- DATA PROVIDED:
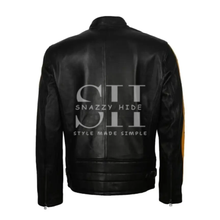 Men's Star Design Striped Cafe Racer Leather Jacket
* * *
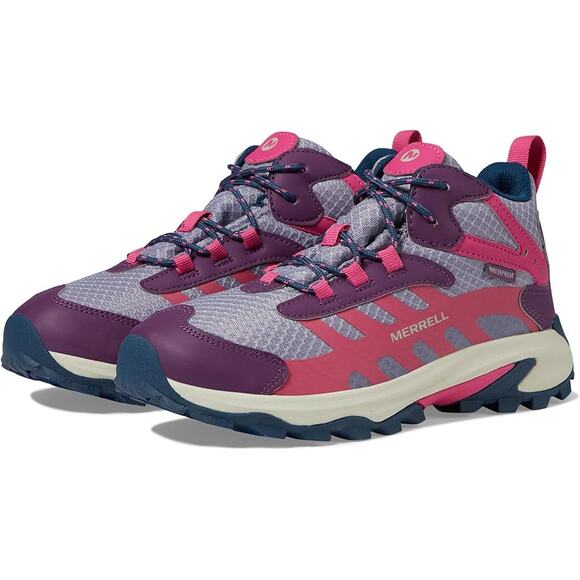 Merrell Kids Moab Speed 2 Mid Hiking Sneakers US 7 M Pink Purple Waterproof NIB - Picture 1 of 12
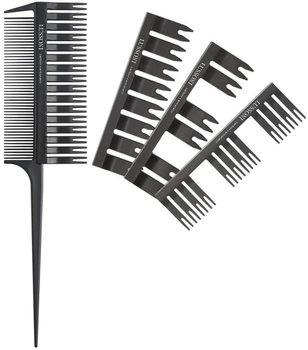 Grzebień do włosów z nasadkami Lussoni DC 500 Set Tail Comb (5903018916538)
...
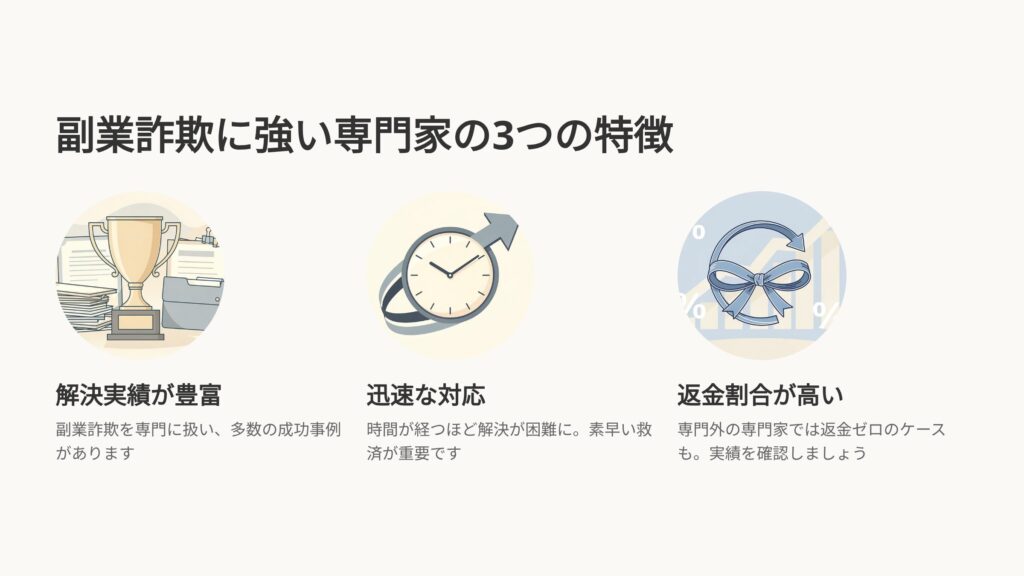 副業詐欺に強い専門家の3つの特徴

- PROBLEM TO WORK ON:
Go to the line above that has "Merrell Kids Moab" and copy exactly from there down to the line that has "Grzebień do włosów", both included. Leave the pictures out.

- RESPONSE FOR THIS EXERCISE:
 Merrell Kids Moab Speed 2 Mid Hiking Sneakers US 7 M Pink Purple Waterproof NIB - Picture 1 of 12
 Grzebień do włosów z nasadkami Lussoni DC 500 Set Tail Comb (5903018916538)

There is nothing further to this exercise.